Luis Echeverría, un expresidente mexicano que vivió con el estigma de ser uno de los principales orquestadores de la represión de movimientos estudiantiles y grupos disidentes en la segunda mitad del siglo XX, falleció a los 100 años de edad.
El actual mandatario Andrés Manuel López Obrador informó el sábado del deceso, aunque no mencionó la causa. En su cuenta de Twitter, el gobernante envió condolencias a familiares y amigos de Echeverría.
En 2005, un juez exoneró a Echeverría de cargos de genocidio derivados de una masacre de estudiantes en 1971. El juez falló que Echeverría pudo haber sido responsable de homicidio, pero que no podía ser juzgado porque el plazo de prescripción para ese delito expiró en 1985.
Echeverría gobernó México entre 1970 y 1976 y quería ser recordado por su labor en la arena internacional. Intentó liderar a los países del tercer mundo, promovió la autodeterminación económica de los países en plena guerra fría y dio asilo a izquierdistas latinoamericanos perseguidos por las dictaduras de sus países.

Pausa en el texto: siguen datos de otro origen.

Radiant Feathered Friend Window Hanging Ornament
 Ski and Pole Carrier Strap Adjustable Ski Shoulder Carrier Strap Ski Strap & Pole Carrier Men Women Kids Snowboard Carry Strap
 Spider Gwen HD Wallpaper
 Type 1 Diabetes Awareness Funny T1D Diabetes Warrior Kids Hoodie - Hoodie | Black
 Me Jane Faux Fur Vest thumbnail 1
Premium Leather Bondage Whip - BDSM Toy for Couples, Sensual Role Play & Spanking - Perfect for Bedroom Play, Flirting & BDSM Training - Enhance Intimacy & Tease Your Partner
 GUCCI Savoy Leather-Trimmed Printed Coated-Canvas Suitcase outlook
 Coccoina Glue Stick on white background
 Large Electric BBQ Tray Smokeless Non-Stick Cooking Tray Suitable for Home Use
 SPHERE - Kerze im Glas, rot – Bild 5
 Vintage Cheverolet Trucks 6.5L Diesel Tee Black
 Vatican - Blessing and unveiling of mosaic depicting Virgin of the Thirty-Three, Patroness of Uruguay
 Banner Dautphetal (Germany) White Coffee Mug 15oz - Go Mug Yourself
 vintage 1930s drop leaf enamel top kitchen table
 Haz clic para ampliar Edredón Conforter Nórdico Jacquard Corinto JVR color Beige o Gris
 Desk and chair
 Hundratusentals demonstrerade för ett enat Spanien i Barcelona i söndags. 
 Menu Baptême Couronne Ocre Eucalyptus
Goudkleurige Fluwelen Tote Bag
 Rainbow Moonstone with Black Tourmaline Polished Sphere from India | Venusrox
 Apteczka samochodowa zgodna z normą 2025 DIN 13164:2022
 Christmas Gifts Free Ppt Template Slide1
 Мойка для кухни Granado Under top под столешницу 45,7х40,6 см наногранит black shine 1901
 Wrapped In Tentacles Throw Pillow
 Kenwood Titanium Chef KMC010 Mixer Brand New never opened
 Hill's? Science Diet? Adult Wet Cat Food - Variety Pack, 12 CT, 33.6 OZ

Sin embargo, fue algo distinto lo que marcó su paso en los libros de historia: a Echeverría se le recuerda por ser considerado una de las mentes detrás de dos masacres estudiantiles en la segunda mitad del siglo XX en México, no importa que la justicia lo exoneró en el último tramo de su vida.
Fue el primero y hasta ahora único expresidente mexicano en ser enjuiciado. Se le acusó de genocidio por dos matanzas: la de la Plaza de Tlatelolco, en 1968, cuando era secretario de Gobernación y responsable de la política interna, y la del Jueves de Corpus, en 1971, ya como mandatario. Echeverría negó a lo largo de su vida haber ordenado las represiones.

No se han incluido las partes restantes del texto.